The panellists didn't seem particularly friendly or unfriendly. Tuari Potiki asked why economists' conclusions on this stuff vary so much from the public health folks who'd presented earlier in the day, and the general tone of the Forum members seemed to be "what additional restrictions should we place" rather than "do any potential restrictions do more good than harm", but maybe I misread them.
Well, the anti-alcohol advocates didn't think the Forum was independent enough so they've made their own forum.* They're calling it the Independent Expert Committee on Alcohol Advertising and Sponsorship.
Independent's an interesting word, since the IECAAS is being hosted by Alcohol Action NZ, Doug Sellman and Jennie Connor's anti-alcohol lobby group, and consists of Sellman, Connor, Janet Hoek, Mike Daube and others. They reckon the Ministerial Forum, including NZ Drug Foundation's Tuari Potiki, wasn't independent enough because the CEO of the Advertising Standards Authority is also on the Forum. Sellman et al are correct that the Forum members aren't experts in alcohol marketing, but I'm really unconvinced that that makes them less independent.
IECAAS writes:
To date IECAAS members have found no significant new research that would invalidate the recommendations made by the Law Commission in 2010. In fact the evidence supporting major reform appears to be strengthening.

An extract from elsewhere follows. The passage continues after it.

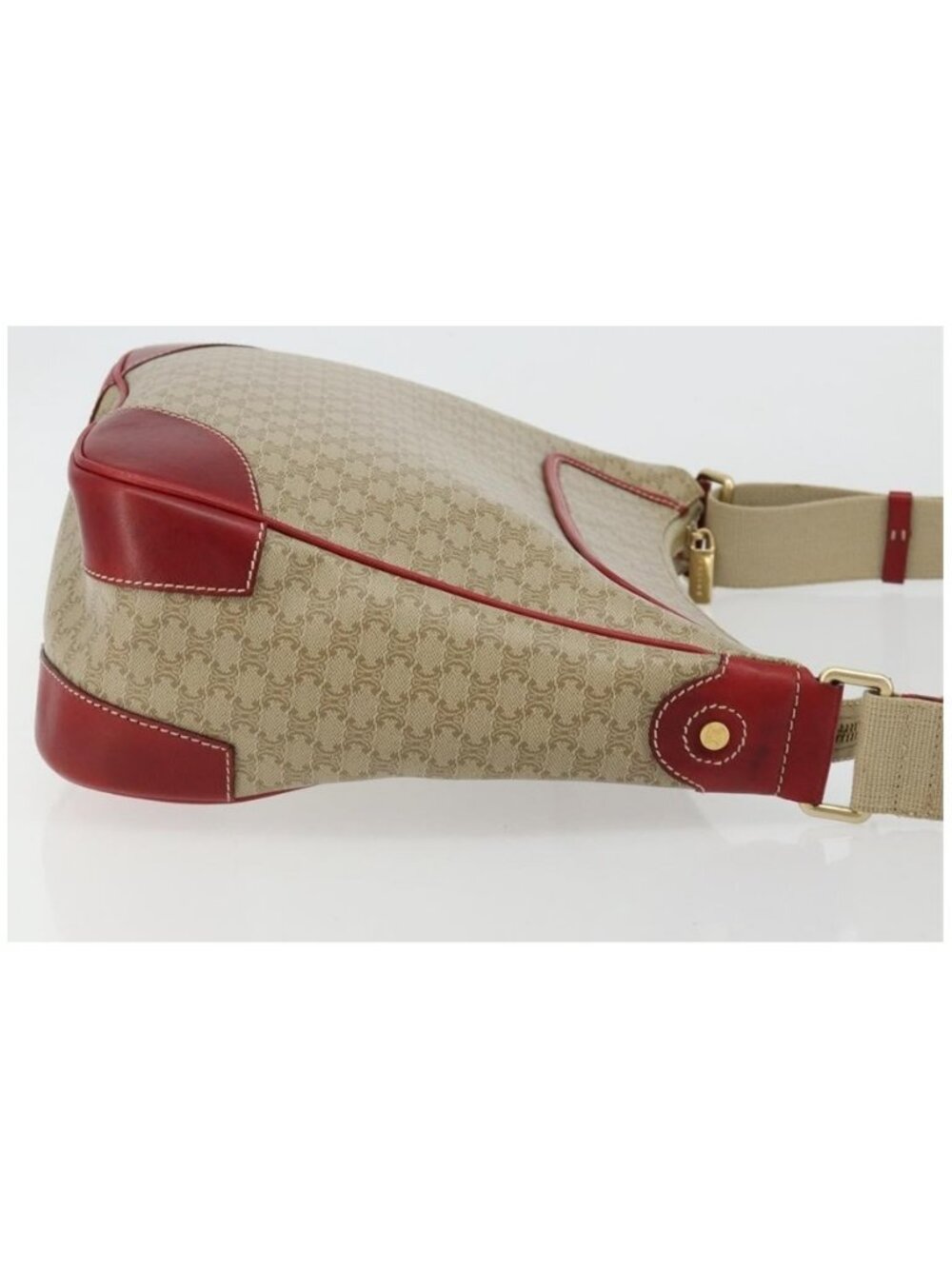Authentic CELINE Macadam Canvas Shoulder Bag PVC Leather Beige Gold - Picture 6 of 16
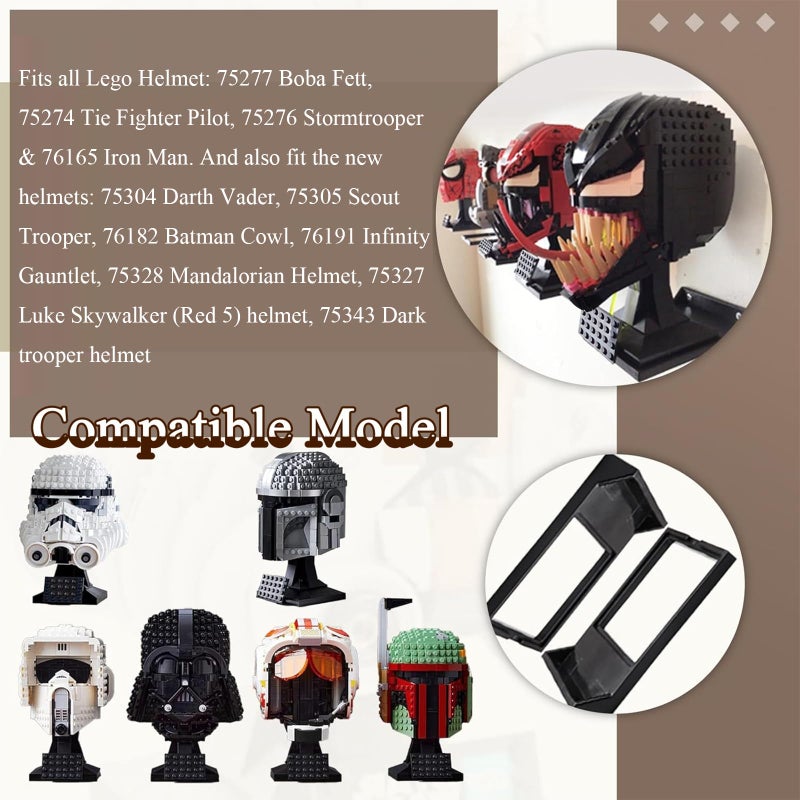 WFCYX 4 Pcs Black Wall Mount Display Stand Fits Lego Helmet, Wall Mount Display Shelf, Compatible with All Standard Lego Helmets, Boba Fett 75277/Tie Fighter Pilot 75274/Stormtrooper 75276 - Image 3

The recommendation to phase out alcohol advertising and sponsorship apart from objective written product information over five years is therefore as important today as it was when first reported to the government in 2010. The only difference is that New Zealand could have made several years of progress had the government responded.I wonder how hard they've been looking. There's a reasonably important piece in the Journal of Economic Surveys that they've missed. And a few others.
* I can't stop imagining Bender setting up his own theme park. Except this one would be way less fun than Bender's.